With the Armistice, the United States was demobilizing as 1.7 million soldiers and sailors prepared to stand down from the war and return home. “It will take some time,” said Gen. Peyton March.
As the war ended, three Rockdale servicemen were listed as missing in action, even though parents of one were clinging to the hope of mistaken identity, having received a letter from him written well after the date the Army listed him as a MIA.
The Reporter noted: “Leonard Isaacs was able to fight off several bouts of the flu, coming out as the winner and with a good crop of whiskers to boot.”
FORTY YEARS AGO....
Visitors at a Rock-dale City Council meeting expressed concern that a delinquent tax sale involving 17 pieces of local property was advertised in the Cameron newspaper and not in The Reporter.
Records in the United Steelworkers of America Local 4895 Union Hall were set on fire in what investigators termed an attempted arson. The building did not catch fire and Local officials said the majority of records could be re-typed.
Rockdale City Council East Ward Member Margie Abbott was named the 1978 recipient of the President’s Award by the Central Texas Council of Governments.
Lexington came from behind to defeat Flatonia with a last-quarter TD drive, lifting the Eagles to 9-0. Lexington was to go after the first 10-0 regular season in school history with a home game against Somerville.
TWENTY YEARS AGO....
Public concern was growing as Brookshire Bros. corporate officers said the company had not yet decided whether to rebuild its Rock-dale store, leveled in a July 7 fire.
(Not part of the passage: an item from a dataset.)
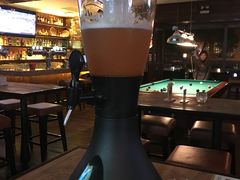 -Big Bamboo 大竹子体育主题餐厅(虹梅路店)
With endorsements from the City of Rockdale and Milam County, the Texas Dept. of Transportation pronounced itself “ready to move” on a US 79 loop around Rockdale.
Officers from the Milam County Sheriff’s Department, Department of Public Safety, Texas Parks & Wildlife and a constable teamed up to pull four Thorndale area youths from the San Gabriel River. Three of the youths had been attempting to rescue the fourth, who had been swept downstream.
Casey Creghan’s Tiger gridders defeated Taylor 29-14 and claimed Big Blue’s first outright district football title in 19 years.
TEN YEARS AGO....
It was over. Power to the last Alcoa potline remaining online was cut, ending the 56-year smelting history of Alcoa’s Rockdale Operations.
The Rockdale Ministerial Alliance was sponsoring a benefit for Alcoa employees affected by the smelter’s closing.
An 18-year-old Cameron man admitted to a series if rapes in that town in 2006 and 2007 and was to find out his punishment in a sentencing hearing.
It was a “win-and-in” final game situation for Jeff Miller’s Tiger football team and Big Blue won 42-21 over Taylor to punch its ticket to the state football playoffs.